Evorel

Evorel is a transdermal oestrogen-only HRT patch delivering estradiol through the skin to relieve menopausal symptoms and prevent postmenopausal osteoporosis.

It is prescribed for women who have undergone a hysterectomy and therefore do not require the endometrial protection that a progestogen provides.

Estradiol is a naturally occurring form of oestrogen that declines significantly during and after the menopause.

This decline causes vasomotor symptoms such as hot flushes and night sweats, genitourinary changes including vaginal dryness, and contributes to accelerated bone loss.

Transdermal estradiol replacement restores circulating oestrogen levels to a range that alleviates these symptoms.

The transdermal route offers pharmacokinetic advantages over oral oestrogen.

By bypassing first-pass hepatic metabolism, it avoids stimulating hepatic production of clotting factors, sex hormone-binding globulin, and C-reactive protein.

This may translate into a lower risk of venous thromboembolism and may have a more favourable effect on lipid profiles.

Evorel patches are available in four strengths (25, 50, 75, and 100 micrograms per 24 hours), allowing flexible dose titration to the individual patient's needs.

Apply one patch to a clean, dry, and non-irritated area of skin below the waist, such as the lower abdomen or upper buttock. Avoid the breasts and the waistline.

Press the patch firmly for approximately 10 seconds to ensure good adhesion.

Change the patch twice weekly, every three to four days, alternating the application site. Do not apply to the same spot two patches in a row.

If a patch loosens or falls off, apply a replacement and change on the scheduled day.

Continue treatment for as long as your prescriber recommends and attend regular reviews at least once a year.

Begin with the lowest effective dose, typically Evorel 25 or 50, applied twice weekly.

Dose may be increased after four to eight weeks if symptoms are not adequately controlled, up to a maximum of Evorel 100.

Women who have not had a hysterectomy require additional progestogen for at least 12 to 14 days per cycle to protect the endometrium.

In this case, a combined product or separate progestogen should be prescribed alongside Evorel.

Application site reactions including redness and itching are reported in approximately 10 to 15 per cent of users and are usually mild.

Breast tenderness, headache, and nausea are the most common systemic side effects.

Fluid retention causing bloating, weight fluctuation, and leg cramps may occur. Mood changes, including low mood or irritability, have been reported.

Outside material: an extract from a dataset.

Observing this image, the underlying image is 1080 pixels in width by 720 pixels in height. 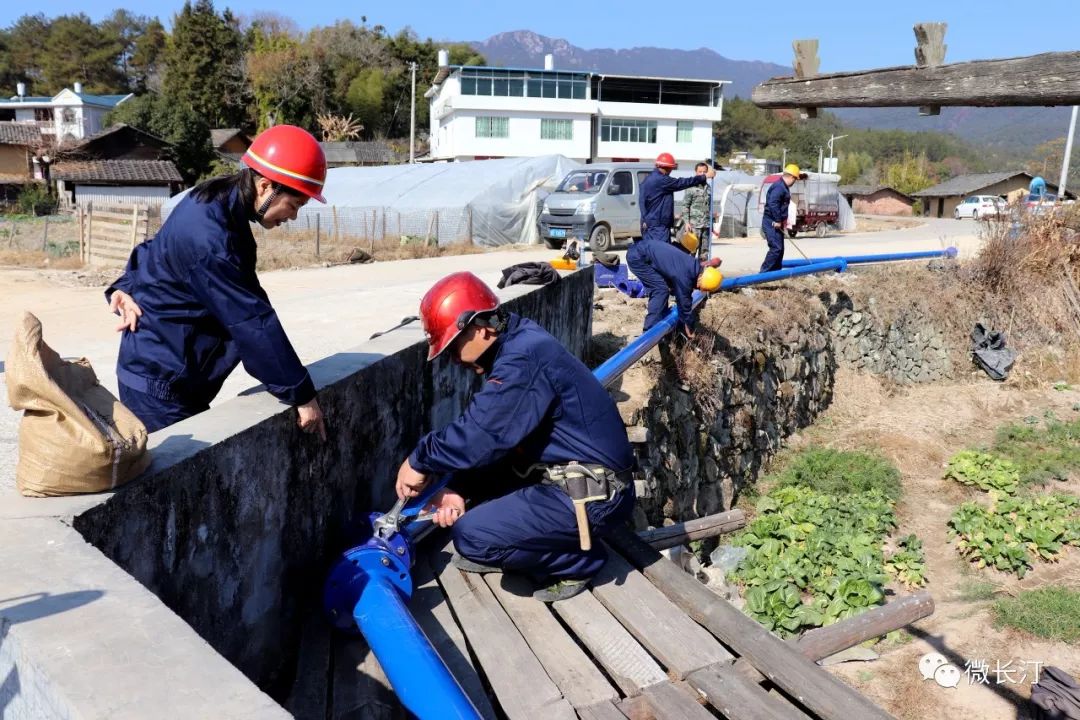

Serious risks include venous thromboembolism (lower risk than with oral oestrogen), stroke, and a possible small increase in the risk of ovarian cancer with long-term use (greater than five years).

Oestrogen-only HRT does not appear to increase the risk of breast cancer in women with a hysterectomy when used for fewer than seven years.

Rarely, liver function abnormalities, gallbladder disease, or exacerbation of pre-existing conditions such as migraine or endometriosis may occur.

Women using Evorel who have an intact uterus must take a progestogen in addition to protect against endometrial hyperplasia and cancer.

Using oestrogen alone without progestogen in this group is associated with a significantly increased risk of endometrial cancer.

HRT should be used at the lowest effective dose for the shortest necessary duration. Attend regular breast screening and report any new breast symptoms.

Seek urgent medical attention for sudden chest pain, breathlessness, or leg swelling.

Inform your prescriber of your full medical history, including any personal or family history of breast cancer, blood clots, or liver disease.

Evorel is contraindicated in women with known or suspected breast cancer, other oestrogen-dependent neoplasms, undiagnosed vaginal bleeding, untreated endometrial hyperplasia, active or past venous or arterial thromboembolism, acute liver disease, and known hypersensitivity to estradiol or any component of the patch.

It must not be used during pregnancy or breastfeeding, or in women with a history of porphyria.